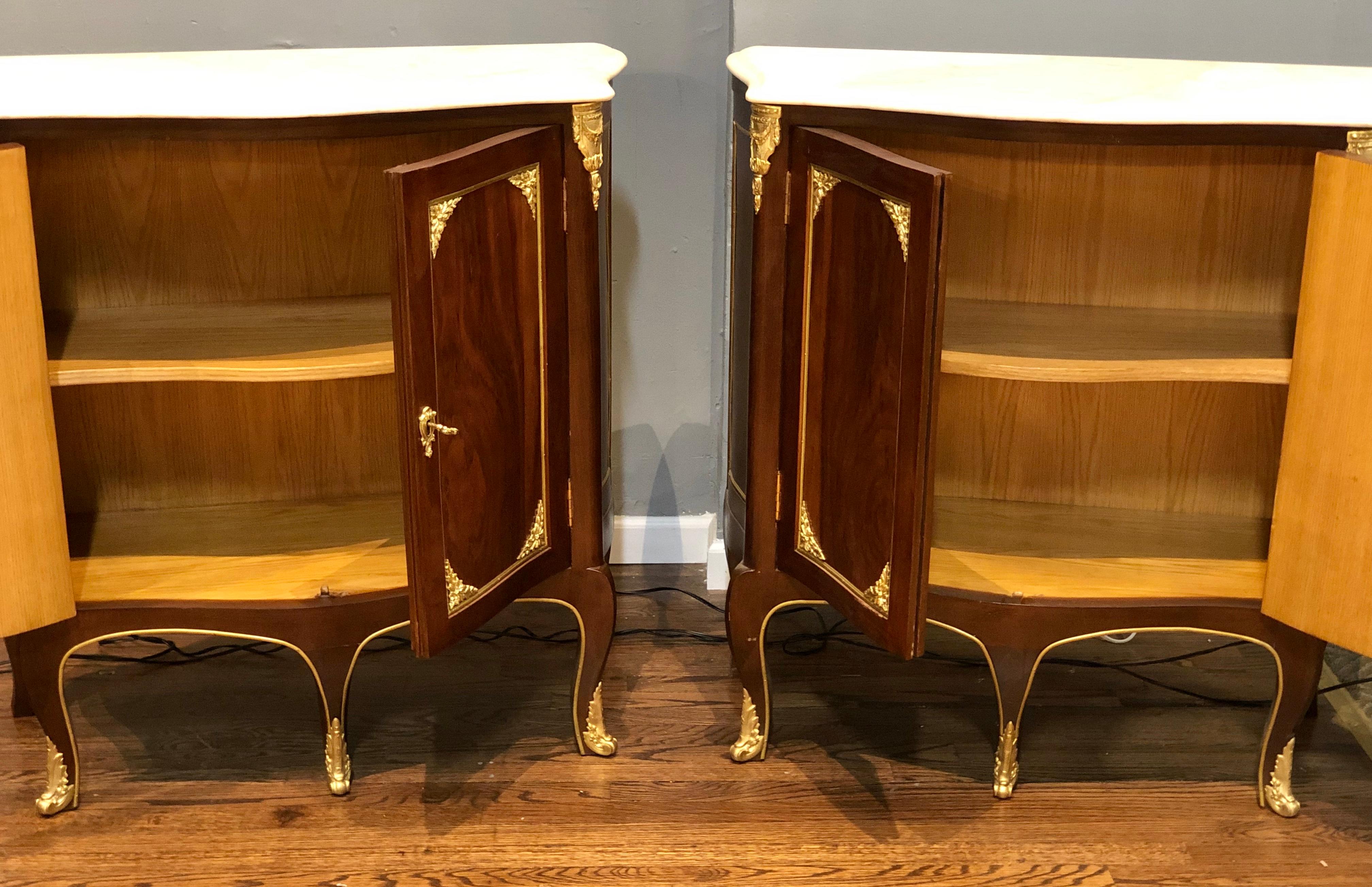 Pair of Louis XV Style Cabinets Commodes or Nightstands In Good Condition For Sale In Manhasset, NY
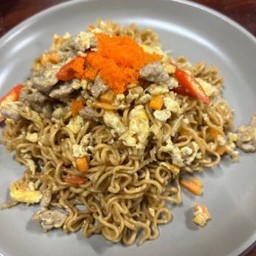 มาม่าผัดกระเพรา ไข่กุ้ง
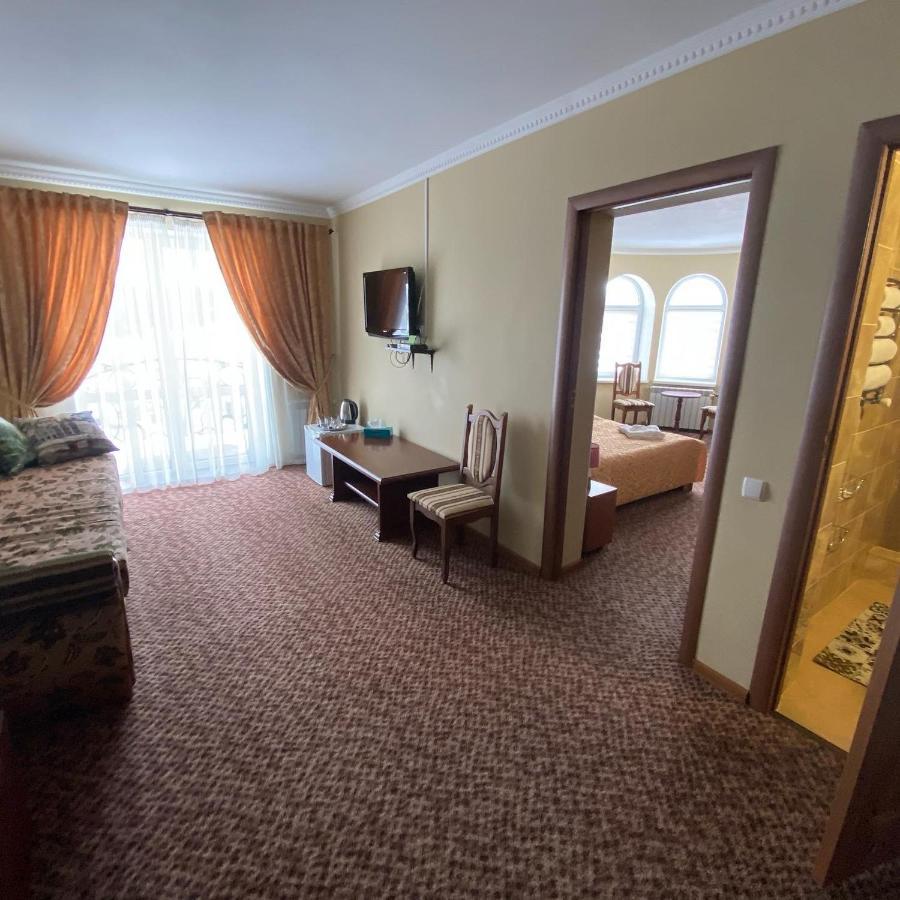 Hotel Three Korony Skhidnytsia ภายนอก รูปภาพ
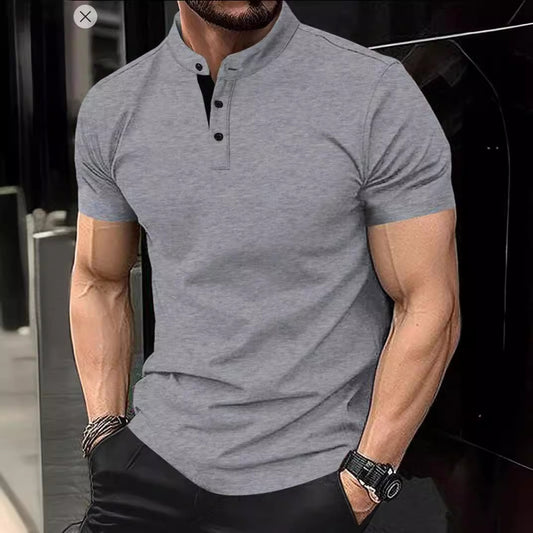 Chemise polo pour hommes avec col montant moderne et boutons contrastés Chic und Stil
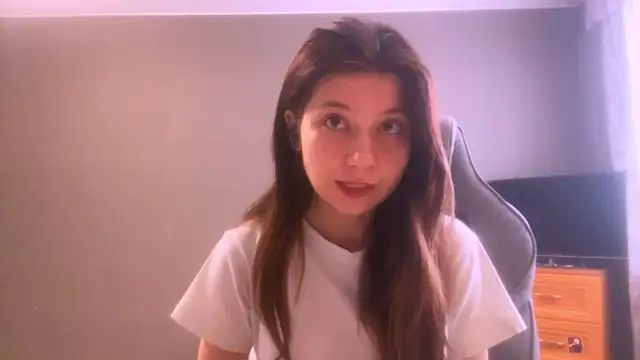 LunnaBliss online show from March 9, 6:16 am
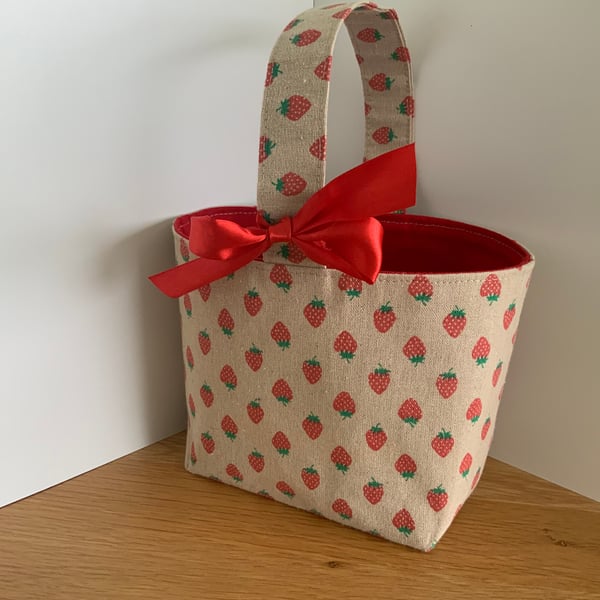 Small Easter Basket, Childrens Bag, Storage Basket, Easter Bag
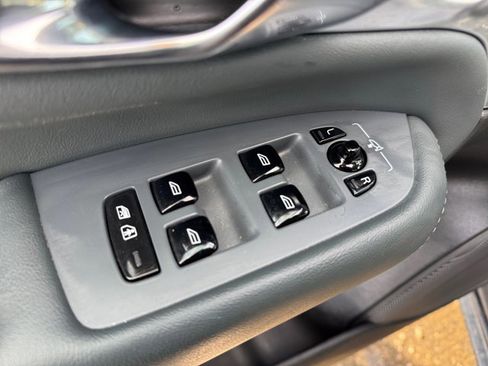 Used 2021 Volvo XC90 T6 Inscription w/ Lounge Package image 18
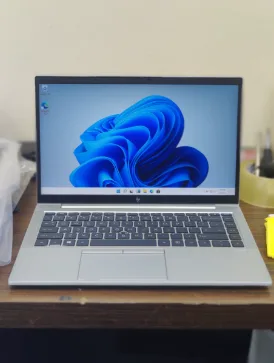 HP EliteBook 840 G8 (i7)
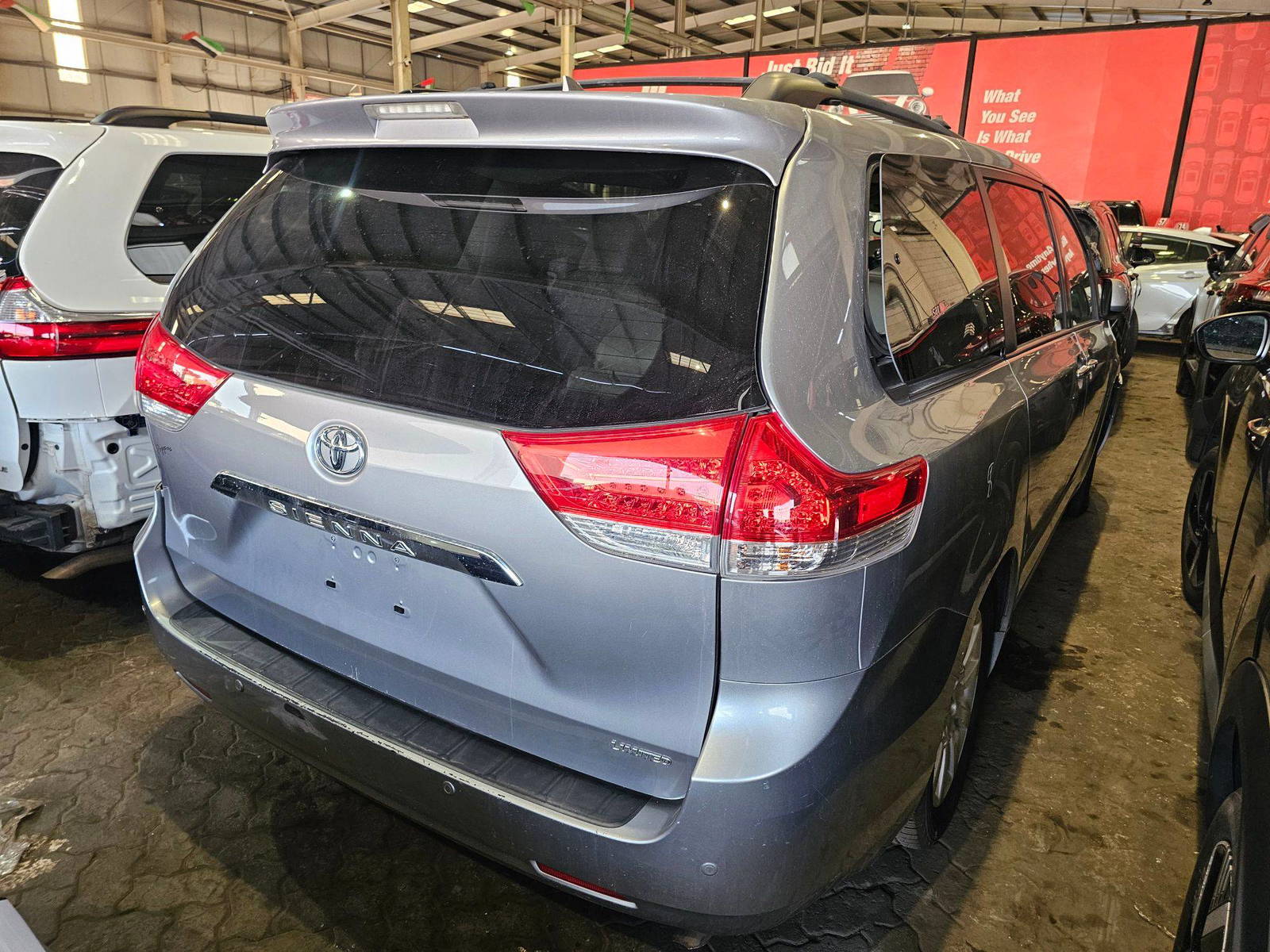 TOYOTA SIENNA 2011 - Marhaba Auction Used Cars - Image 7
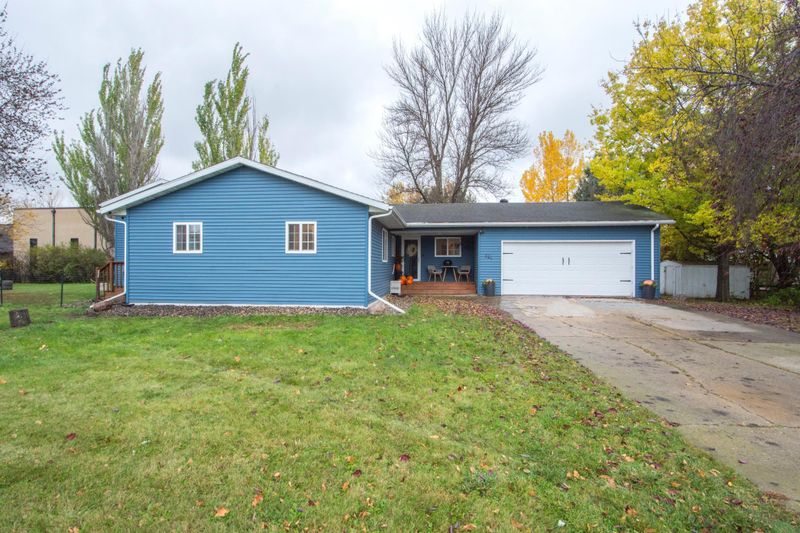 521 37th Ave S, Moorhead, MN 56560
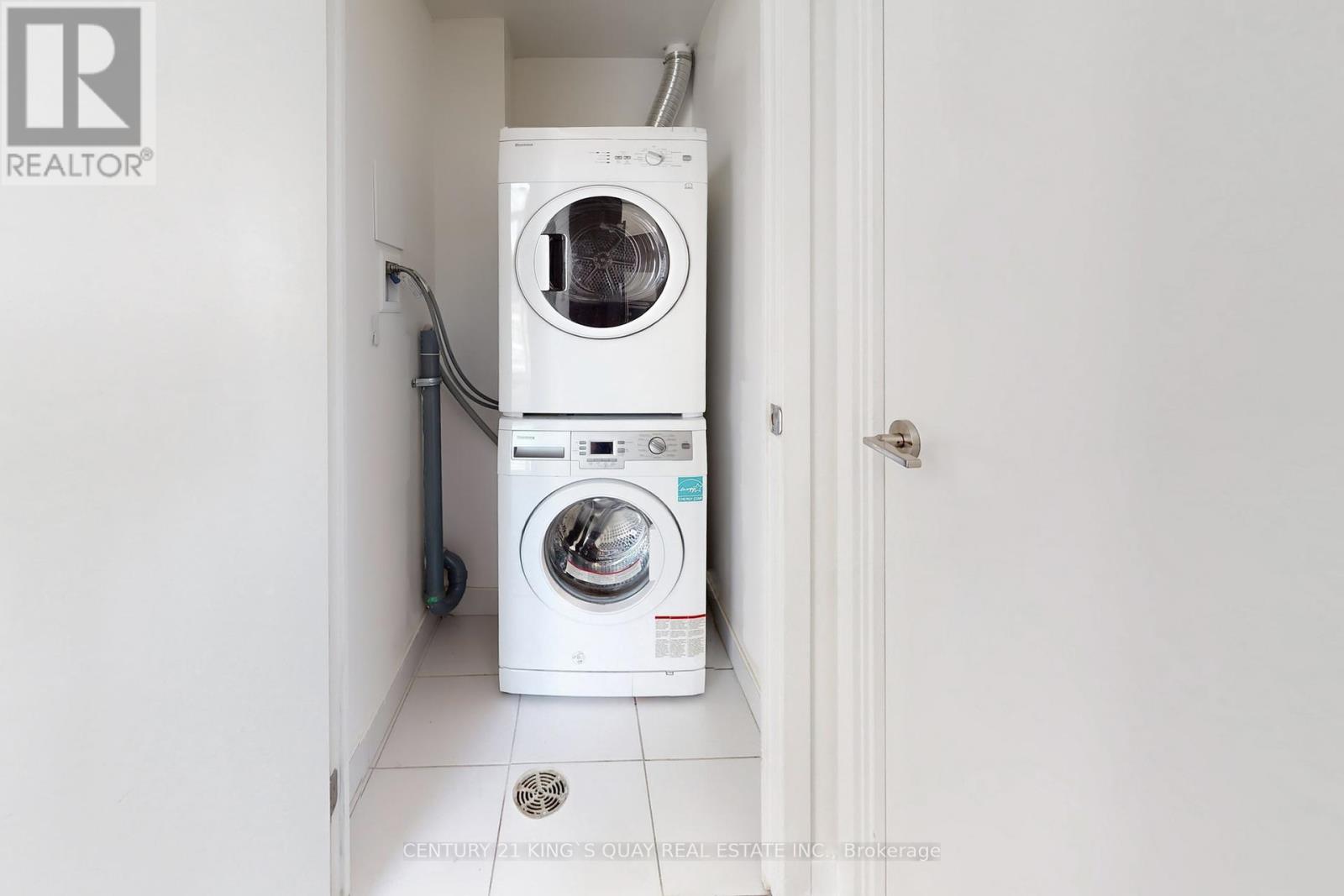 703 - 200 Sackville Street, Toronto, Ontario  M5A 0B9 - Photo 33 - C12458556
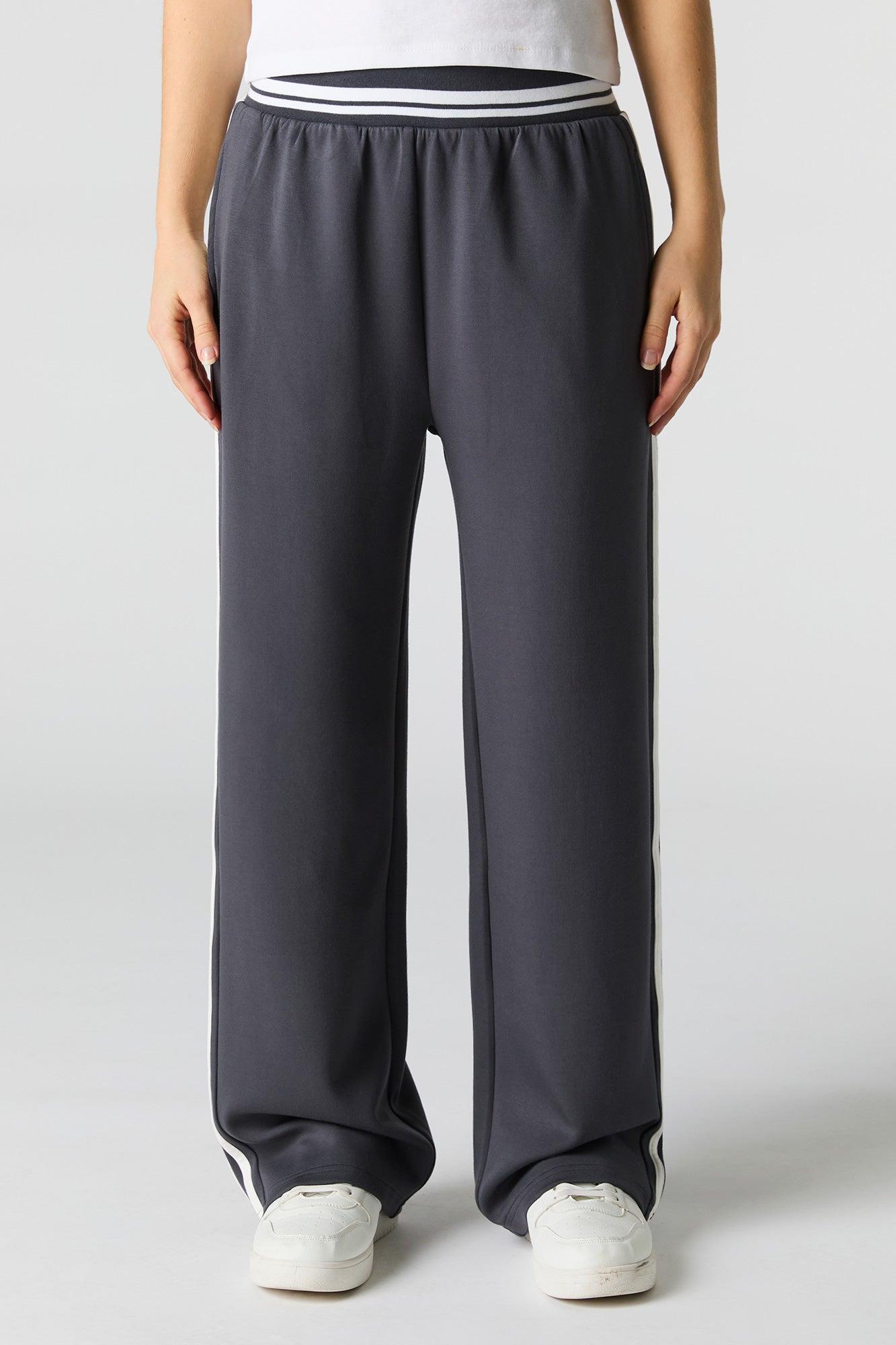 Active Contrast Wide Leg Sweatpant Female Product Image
⁂
◆ **Activity**: Everything from the opening line of the data through the line with "Used 2021 Volvo" should be repeated exactly; leave the pictures out.

◆ **Task response**:
 Pair of Louis XV Style Cabinets Commodes or Nightstands In Good Condition For Sale In Manhasset, NY
 มาม่าผัดกระเพรา ไข่กุ้ง
 Hotel Three Korony Skhidnytsia ภายนอก รูปภาพ
 Chemise polo pour hommes avec col montant moderne et boutons contrastés Chic und Stil
 LunnaBliss online show from March 9, 6:16 am
 Small Easter Basket, Childrens Bag, Storage Basket, Easter Bag
 Used 2021 Volvo XC90 T6 Inscription w/ Lounge Package image 18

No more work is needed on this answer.